Naini Central Prison
- Interactive map of Naini Central Prison
- Location: Naini, India;
- Status: Open
- Security class: High security
- Capacity: 3,000
- Managed by: Uttar Pradesh Police

= Naini Central Jail =

Prison in Uttar Pradesh, India

Naini Central Prison or Naini Jail at Naini, Prayagraj, is one of the most important correctional Institutions in Uttar Pradesh, built during the British Raj.

==Independence movement==
The prison played a large role in the pre-independence era, when many freedom fighters, including Motilal Nehru (1930), Pt. Jawaharlal Nehru (the first prime minister of India), Govind Ballabh Pant, Narendra Dev, Rafi Ahmed Kidwai, Hasrat Mohani were imprisoned there during Indian independence movement. During his stay, Nehru wrote a series of letters to his young daughter Indira from the prison, starting on her thirteenth birthday until 9 August 1933. These were later published as Glimpses of World History.

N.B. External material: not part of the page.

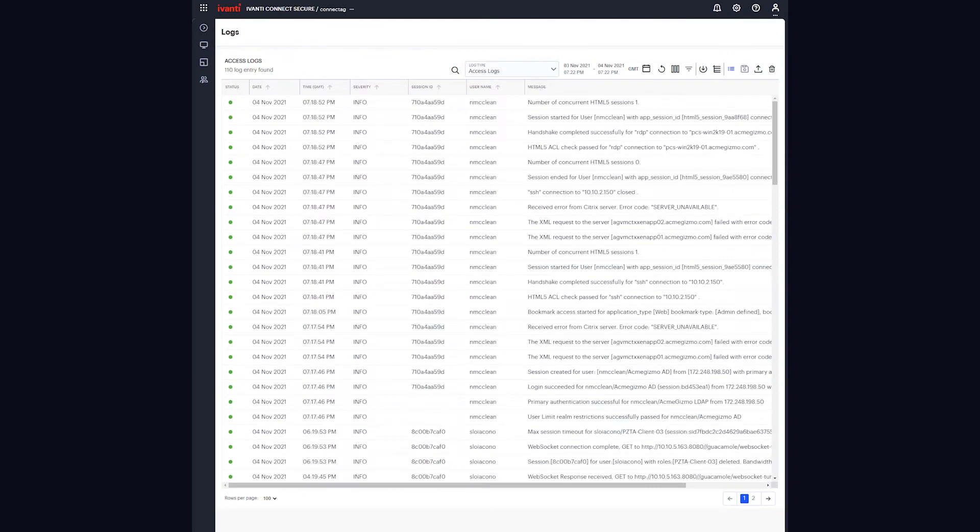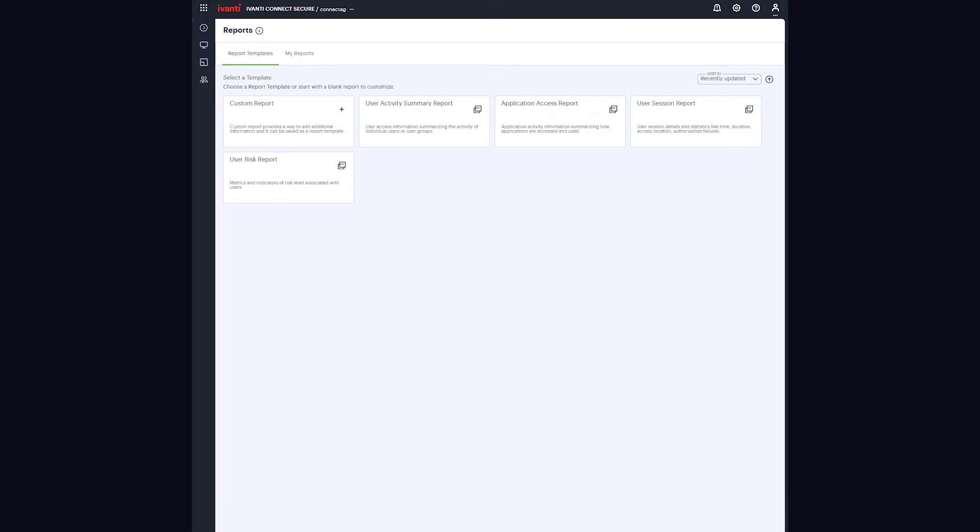Enhanced centralized logging empowers administrators to monitor the health and activity of their ICS deployment, and powerful new reporting tools let administrators generate, filter, and schedule custom reports for either on-demand or scheduled delivery.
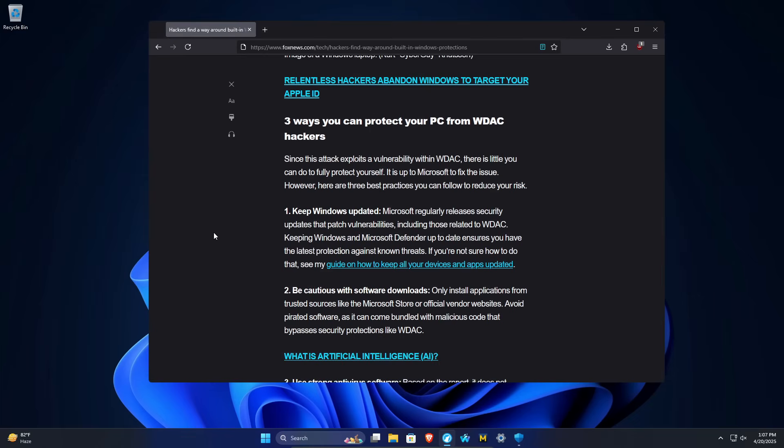But other good general rules of thumb is just install as little as possible on your computer. If you're going to install something, make sure you know where you're installing it from. Make sure it's a legitimate source and safe. And triple check that because hackers are very good at tricking users into thinking they are downloading something safe when actually they are not.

On 1 March 1941, Mahatma Gandhi visited the prison, to see imprisoned freedom fighters Vijayalakshmi Pandit and Abul Kalam Azad.

Indira Gandhi herself (later prime minister of India) was arrested along with her husband Feroze Gandhi and spent her prison term in Naini, from 11 September 1942 until 13 May 1943.

==Issues==
The prison has witnessed security concerns as it houses not just a few members of parliament, but sharpshooters and gang lords from Purvanchal, including Sujeet Belwa and Rajesh Yadav, and rumours that gang wars were being raged from inside the prison. Many militants belonging to the Jaish-e-Mohammad and Lashkar-e-Taiba are also imprisoned here.

In 2008, 97 prisoners who had already completed their sentences wrote to the president of India asking to be euthanised. That same year, 17 inmates died over a period of five months, and as many as 239 inmates were found to be suffering from ailments like tuberculosis, scabies and water-borne diseases, forcing the government to implement improved health services available to the incarcerated.